Activity |
The answer must be every line from the entries below that contains "Green".

Listed records |

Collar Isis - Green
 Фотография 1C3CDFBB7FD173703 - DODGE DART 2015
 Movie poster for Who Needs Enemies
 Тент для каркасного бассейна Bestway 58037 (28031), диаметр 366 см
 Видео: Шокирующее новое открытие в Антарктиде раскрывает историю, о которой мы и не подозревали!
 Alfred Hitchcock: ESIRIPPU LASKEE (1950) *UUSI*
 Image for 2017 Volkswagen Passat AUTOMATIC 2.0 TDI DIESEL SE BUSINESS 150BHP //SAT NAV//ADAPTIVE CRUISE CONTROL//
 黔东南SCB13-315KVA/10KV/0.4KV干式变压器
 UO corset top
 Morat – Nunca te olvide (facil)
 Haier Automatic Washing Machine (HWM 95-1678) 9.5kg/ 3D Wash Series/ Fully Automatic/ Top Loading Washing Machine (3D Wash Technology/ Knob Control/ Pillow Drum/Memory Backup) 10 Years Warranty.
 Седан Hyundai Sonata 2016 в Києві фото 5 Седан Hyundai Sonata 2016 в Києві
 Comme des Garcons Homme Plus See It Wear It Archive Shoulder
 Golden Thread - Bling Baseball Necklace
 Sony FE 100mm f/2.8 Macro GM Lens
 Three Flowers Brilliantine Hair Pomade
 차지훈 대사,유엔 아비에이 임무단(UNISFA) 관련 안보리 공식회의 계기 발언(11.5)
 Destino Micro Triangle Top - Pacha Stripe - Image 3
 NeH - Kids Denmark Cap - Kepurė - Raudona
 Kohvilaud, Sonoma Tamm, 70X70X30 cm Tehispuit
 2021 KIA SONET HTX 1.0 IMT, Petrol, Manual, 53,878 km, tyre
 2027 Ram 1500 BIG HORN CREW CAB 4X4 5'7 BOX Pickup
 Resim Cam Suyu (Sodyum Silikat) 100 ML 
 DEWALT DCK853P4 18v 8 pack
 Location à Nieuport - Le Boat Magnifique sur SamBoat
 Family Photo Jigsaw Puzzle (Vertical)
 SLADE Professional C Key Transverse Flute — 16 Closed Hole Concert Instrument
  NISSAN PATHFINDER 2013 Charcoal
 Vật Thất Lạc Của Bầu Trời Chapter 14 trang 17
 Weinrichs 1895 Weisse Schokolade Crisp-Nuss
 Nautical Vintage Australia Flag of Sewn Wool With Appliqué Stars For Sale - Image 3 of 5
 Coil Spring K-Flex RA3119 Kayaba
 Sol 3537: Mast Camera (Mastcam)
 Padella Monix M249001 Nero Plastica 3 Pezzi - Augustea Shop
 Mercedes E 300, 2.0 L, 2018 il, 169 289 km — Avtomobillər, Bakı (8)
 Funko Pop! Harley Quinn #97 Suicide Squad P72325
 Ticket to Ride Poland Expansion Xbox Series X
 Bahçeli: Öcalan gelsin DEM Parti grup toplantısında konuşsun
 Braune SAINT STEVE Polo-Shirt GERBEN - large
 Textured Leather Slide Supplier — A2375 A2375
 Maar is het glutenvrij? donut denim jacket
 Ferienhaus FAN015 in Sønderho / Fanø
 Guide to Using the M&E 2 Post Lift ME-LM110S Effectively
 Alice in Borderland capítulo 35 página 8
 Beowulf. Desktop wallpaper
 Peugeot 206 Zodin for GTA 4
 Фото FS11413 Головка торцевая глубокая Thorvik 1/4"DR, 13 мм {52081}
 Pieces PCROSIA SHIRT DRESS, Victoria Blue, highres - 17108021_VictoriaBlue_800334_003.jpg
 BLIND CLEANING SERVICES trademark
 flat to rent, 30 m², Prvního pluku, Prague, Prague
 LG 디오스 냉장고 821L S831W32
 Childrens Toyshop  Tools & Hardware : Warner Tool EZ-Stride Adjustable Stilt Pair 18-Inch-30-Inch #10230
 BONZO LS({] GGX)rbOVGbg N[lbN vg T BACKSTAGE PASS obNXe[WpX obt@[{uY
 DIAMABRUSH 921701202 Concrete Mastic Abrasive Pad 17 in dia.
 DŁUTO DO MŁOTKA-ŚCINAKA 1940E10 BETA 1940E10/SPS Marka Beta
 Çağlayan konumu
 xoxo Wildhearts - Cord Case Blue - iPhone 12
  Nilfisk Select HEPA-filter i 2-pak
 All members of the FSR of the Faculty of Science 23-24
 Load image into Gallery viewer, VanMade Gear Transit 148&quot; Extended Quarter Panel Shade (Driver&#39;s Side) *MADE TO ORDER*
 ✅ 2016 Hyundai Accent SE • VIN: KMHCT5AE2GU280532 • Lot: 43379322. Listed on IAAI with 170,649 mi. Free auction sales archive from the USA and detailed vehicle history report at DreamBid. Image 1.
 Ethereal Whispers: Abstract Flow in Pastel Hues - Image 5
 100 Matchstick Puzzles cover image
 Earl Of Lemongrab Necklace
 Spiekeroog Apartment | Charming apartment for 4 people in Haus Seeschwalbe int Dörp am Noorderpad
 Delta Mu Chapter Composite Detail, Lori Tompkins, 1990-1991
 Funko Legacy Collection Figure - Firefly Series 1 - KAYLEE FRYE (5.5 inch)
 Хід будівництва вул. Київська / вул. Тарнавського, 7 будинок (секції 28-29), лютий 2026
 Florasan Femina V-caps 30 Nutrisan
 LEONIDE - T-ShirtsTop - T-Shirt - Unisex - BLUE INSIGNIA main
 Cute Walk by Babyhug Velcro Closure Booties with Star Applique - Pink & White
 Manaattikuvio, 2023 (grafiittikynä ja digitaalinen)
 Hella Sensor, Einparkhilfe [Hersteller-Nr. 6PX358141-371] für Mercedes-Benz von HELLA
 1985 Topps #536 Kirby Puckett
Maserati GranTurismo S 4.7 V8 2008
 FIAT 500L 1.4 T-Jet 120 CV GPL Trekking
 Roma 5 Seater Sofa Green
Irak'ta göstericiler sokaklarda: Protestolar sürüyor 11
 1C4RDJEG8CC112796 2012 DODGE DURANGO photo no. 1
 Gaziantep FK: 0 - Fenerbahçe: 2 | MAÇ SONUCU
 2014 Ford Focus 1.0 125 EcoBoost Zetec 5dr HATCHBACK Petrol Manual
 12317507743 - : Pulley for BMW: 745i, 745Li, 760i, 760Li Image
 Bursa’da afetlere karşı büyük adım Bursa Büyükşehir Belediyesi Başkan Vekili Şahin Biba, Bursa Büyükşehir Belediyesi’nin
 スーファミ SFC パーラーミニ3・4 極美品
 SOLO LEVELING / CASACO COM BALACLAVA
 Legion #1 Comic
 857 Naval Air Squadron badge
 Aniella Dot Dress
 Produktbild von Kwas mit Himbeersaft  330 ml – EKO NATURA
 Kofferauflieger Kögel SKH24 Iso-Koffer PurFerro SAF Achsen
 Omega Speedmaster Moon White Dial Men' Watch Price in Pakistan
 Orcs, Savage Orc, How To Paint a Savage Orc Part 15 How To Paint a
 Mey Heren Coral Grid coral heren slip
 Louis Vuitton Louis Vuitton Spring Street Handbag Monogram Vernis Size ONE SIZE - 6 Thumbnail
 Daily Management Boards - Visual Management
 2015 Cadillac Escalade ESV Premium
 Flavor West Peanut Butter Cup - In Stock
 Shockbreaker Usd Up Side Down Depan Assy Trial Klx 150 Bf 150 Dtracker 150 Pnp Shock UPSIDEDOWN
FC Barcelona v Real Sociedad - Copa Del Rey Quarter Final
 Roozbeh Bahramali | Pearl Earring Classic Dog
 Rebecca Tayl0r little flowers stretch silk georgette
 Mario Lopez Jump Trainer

Problem solution |
Collar Isis - Green
 Roma 5 Seater Sofa Green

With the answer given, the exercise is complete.